Dieses Beispiel zeigt: Häufig interpretieren wir sofort. Wir stellen nicht nur fest „da zieht jemand die Stirn in Falten“, sondern fangen an, diese Wahrnehmung auf uns zu beziehen: Stirnrunzeln = Missfallen = ich mache etwas falsch. Emotionen sind im Spiel. Dieses Verhalten können wir nicht stoppen, es ist in uns drin. Schon der kleinste Auslöser reicht, und die Gefühle sind da. Oft gehen sie auf Ereignisse und Erfahrungen aus unserer Kindheit zurück, an die wir uns gar nicht mehr erinnern, und die automatisch hochkommen, ob wir wollen oder nicht. Wir sind in unserer emotionalen Käseglocke gefangen.
Manchmal sind wir aber auch selbst der Auslöser und sorgen dafür, dass der Interpretationsmodus bei unserem Gegenüber sofort anspringt. Wie oft haben Sie sich selbst schon dabei ertappt, unvermittelt die Stirn zu runzeln, weil Sie ein Wort auf dem Flipchart nicht lesen konnten oder nicht sicher waren, ob Sie eine Bemerkung richtig verstanden haben?
Den Interpretationsmodus ausschalten
Auch ich als Trainerin komme regelmäßig in solche Situationen.
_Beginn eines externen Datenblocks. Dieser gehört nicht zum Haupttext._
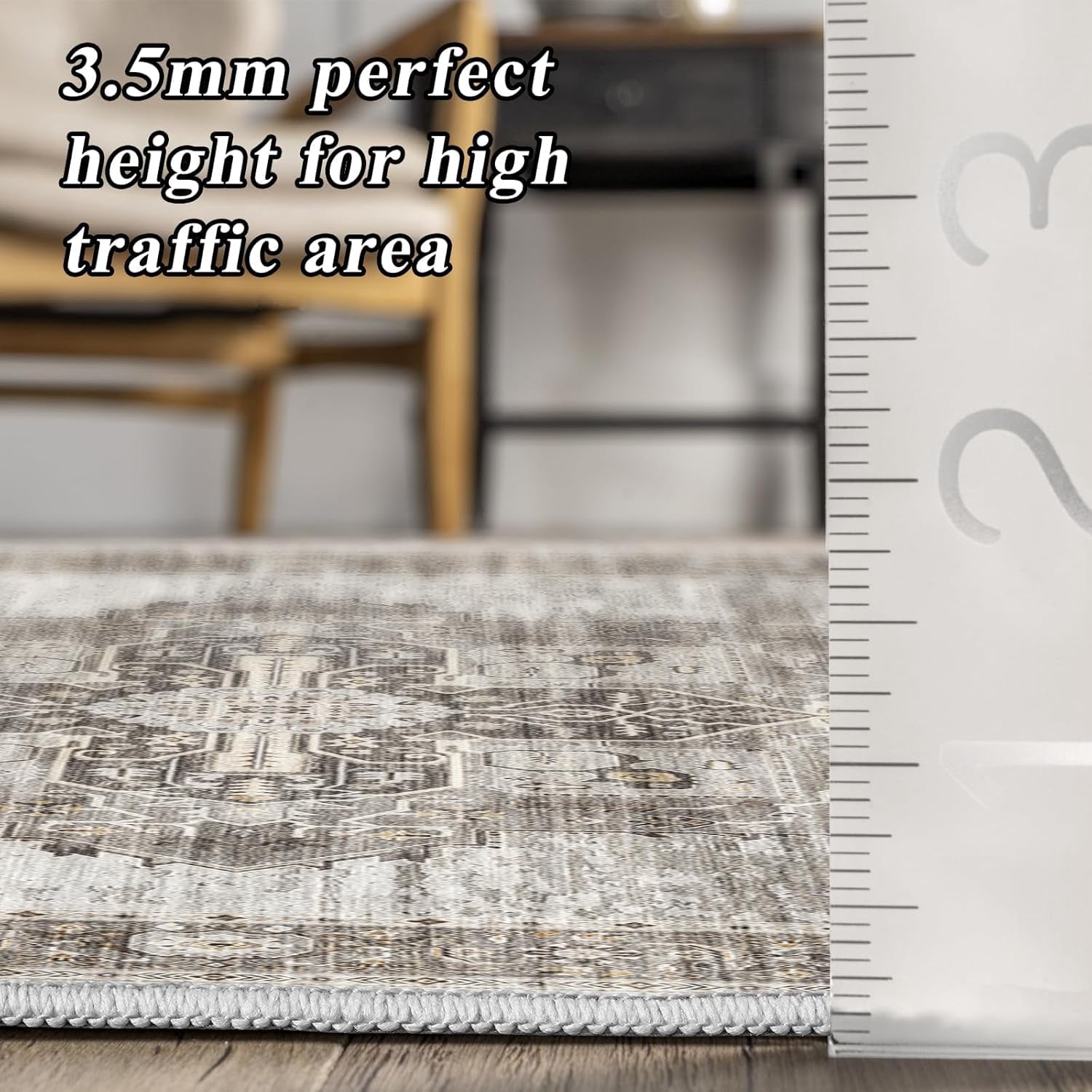 RUUGME Hallway 3x12 Runner Rugs - Boho Rugs for Living Room Stain Resistant Vintage Carpet Tribal Rugs for Bedroom Kitchen Bathroom Non Slip Backing Decor Floor Decoration Mat 3x12 Grey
Niemand ist gefeit gegen die emotionale Käseglocke. Es gibt jedoch einige Tipps, die Ihnen helfen, sie sich weit genug über den Kopf zu halten und sie später sogar auf die Seite zu stellen:
- Wahrnehmen statt interpretieren. Fragen Sie sich, was Sie gesehen haben: eine Frau, die die Stirn runzelt. Nicht mehr und nicht weniger. Lassen Sie Ihr Gefühl außen vor und konzentrieren Sie sich nur auf die Fakten.
- Den Auslöser suchen. Fragen Sie sich, wann das komische Gefühl angefangen hat, was der Auslöser war dafür. „Die Frau hat wiederholt die Stirn gerunzelt, immer dann, wenn ich sie angeschaut habe.“ Wenn Sie mögen, machen Sie sich eine Notiz und legen Sie den Gedanken dann beiseite.
- Nachfragen. Sprechen Sie die stirnrunzelnde Person bei nächster Gelegenheit direkt an. Ich habe das auch gemacht. So konnte ich meine unbewusste Erfahrung revidieren und ihr helfen, das Stirnrunzeln loszuwerden. Das war nämlich ein Tic, der ihr selbst gar nicht bewusst war.
- Den Kontakt zum Publikum halten. Bleiben Sie mit Ihren Gedanken bei Ihrem Vortrag oder Ihrer Besprechung. Flüchten Sie nicht unter Ihre Käseglocke. Lächeln Sie doch den Stirnrunzler einfach an. Sie werden sehen, oftmals verflüchtigen sich damit die Falten sofort.
- Die Zweifel wegklicken. Sagen Sie sich „jetzt nicht“. Konzentrieren Sie sich voll auf das, was Sie gerade tun.
Vermutlich werden wir alle immer mal wieder in die Interpretationsfalle rauschen und in der emotionalen Käseglocke gefangen sein. Sie können aber lernen, sie ganz schnell anzuheben – damit ein Stirnrunzeln das ist, wonach es aussieht: Falten unter dem Pony.